Dengan masuk ke lembaga keagamaan, maka rencana jahat mereka akan lebih mudah, terutama dalam mempengaruhi ideologi umat. Begitu rapih dan piciknya oknum radikal. Namun itulah yang harus diwaspadai sejak dini.

Kedua, posisi pimpinan

Lembaga keagamaan dalam sosio-kultural masyarakat Indonesia. Pengasuh pondok pesantren, dalam pandangan masyarakat Indonesia memiliki posisi yang mulia. Tidak hanya menjadi panutan, tetapi juga menjadi penuntun.

Tak ayal jika menjadi pengasuh ponpes misalnya akan diundang di mana-mana oleh masyarakat untuk menyampaikan ceramah keagamaan. Dan aktivitasnya itu akan lebih mudah diterima oleh masyarakat luas.

Kondisi itulah yang hendak diraih kelompok radikal. Sehingga, ketika oknum radikal sudah menyusup ke lembaga keagamaan, maka ia akan lebih diterima dan didengarkan masyarakat ketimbang memakai ‘baju’ yang sebenarnya.

Setidaknya dua alasan itulah yang menyebabkan kelompok radikal terorisme getol menyusup lembaga keagamaan. Beruntung, aparat hukum sudah mengendus sejak awal sehingga kerugian yang lebih besar tidak menimpa umat.

Mewaspadai Strategi Infiltrasi Gerakan Kelompok Radikal Terorisme

Pengalaman penangkapan terhadap tiga terduga teroris yang menjadi anggota Jamaah Islamiyah (JI) oleh Detasemen Khusus 88 Antiteror (Densus 88) beberapa waktu lalu mencerminkan bahwa kelompok radikal sudah menyusup di mana-mana.

Oleh karena itu, perlu kiranya masyarakat Indonesia secara luas mengetahui bagaimana strategi/taktik kaum radikal terorisme untuk memperluas medan garapan mereka, termasuk upaya masuk ke ranah vital seperti lembaga sosial keulamaan dan pemerintahan.

Rachmat Bahmim (2018) menyebut beberapa strategi kelompok radikal teroris dalam menyebarkan ideologinya dan memperluas medan garapannya ke lembaga pemerintahan dan sosial keagamaan sebagai berikut ini.

Pertama, aliansi politik.Politik menjadi garapan utama kelompok radikal dalam merealisasikan tujuan utamanya. Sebab, dengan terjun dan masuk ke ranah politik, bisa mempengaruhi banyak orang dan bahkan turut menentukan kebijakan.

Karena itu, kelompok radikal menyusup atau bahkan beraliansi dengan partai politik tertentu untuk mendapatkan dukunungan masyarakat dan pula menjalin hubungan dekat dengan penguasa.
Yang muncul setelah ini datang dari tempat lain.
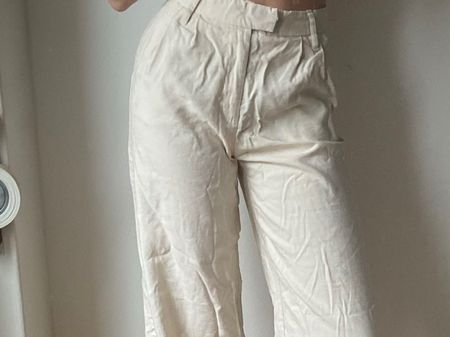 Bershka Stoffhose Cremefarbe Gr. 34 Wide Leg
Kedua, cari dukungan dari tokoh atau ormas Islam moderat. Kelompok radikal seakan paham betul bahwa mereka tidak diterima di mana-mana. Oleh karena itu, mereka akan mendompleng ormas atau tokoh tertentu.

Selain itu, dikarenakan jumlahnya sedikit dan tidak mempunyai otoritas penuh terhadap suatu lembaga yang diakui secara nasional, maka mereka mencari dukungan dari tokoh atau ormas moderat.
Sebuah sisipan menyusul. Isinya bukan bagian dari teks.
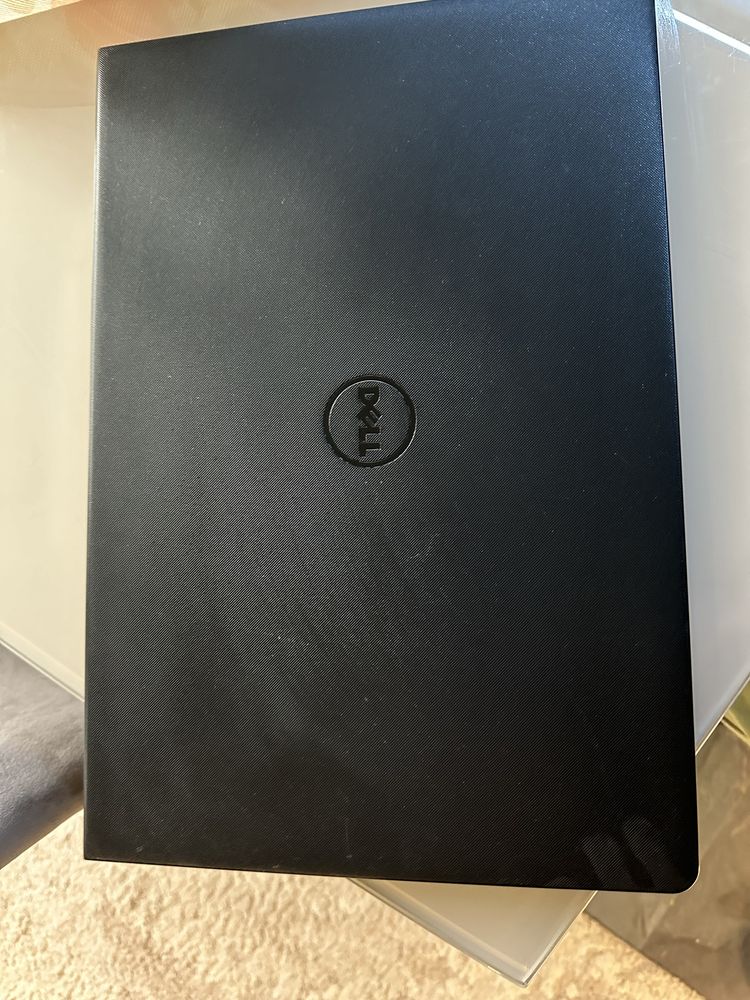 Лаптоп Dell Inspiron 15 5100 Intel Core i5 8th Gen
Di sinilah, keberadaan lembaga keagamaan menjadi incaran para oknum radikalis untuk menyusup dan menginfiltrasi ke pondok pesantren. Selain untuk menyebarkan paham radikal, mereka juga hendak mencari dukungan dari tokoh atau pimpinan lembaga keagamaan itu.

Ketiga, infiltrasi MUI. Radikal terorisme selalu berangkat dari teks atau ajaran agama sebagai justifikasi gerakannya. Oleh karena itu, kelompok radikal memandang memerlukan dukungan lembaga ulama yang memiliki otoritas tertinggi di Indonesia.

Oleh karena itulah, mereka menginfiltrasi ke tubuh MUI. Taktik yang dipakai adalah masuk menjadi pengurus ke MUI dan mendesakkan agenda radikal mereka atas nama MUI.

Keempat, aksi jalanan. Rasanya sudah bukan menjadi rahasia lagi bahwa beberapa aksi turun jalan yang melibatkan banyak massa, di situ selalu disusupi oleh agenda kelompok radikal. Kelompok radikal sadar bahwa untuk menghasilkan sebuah produk hukum yang pro agenda perjuangan mereka, diperlukan aksi-aksi jalanan agar bisa menekan aparat hukum dan pemerintah.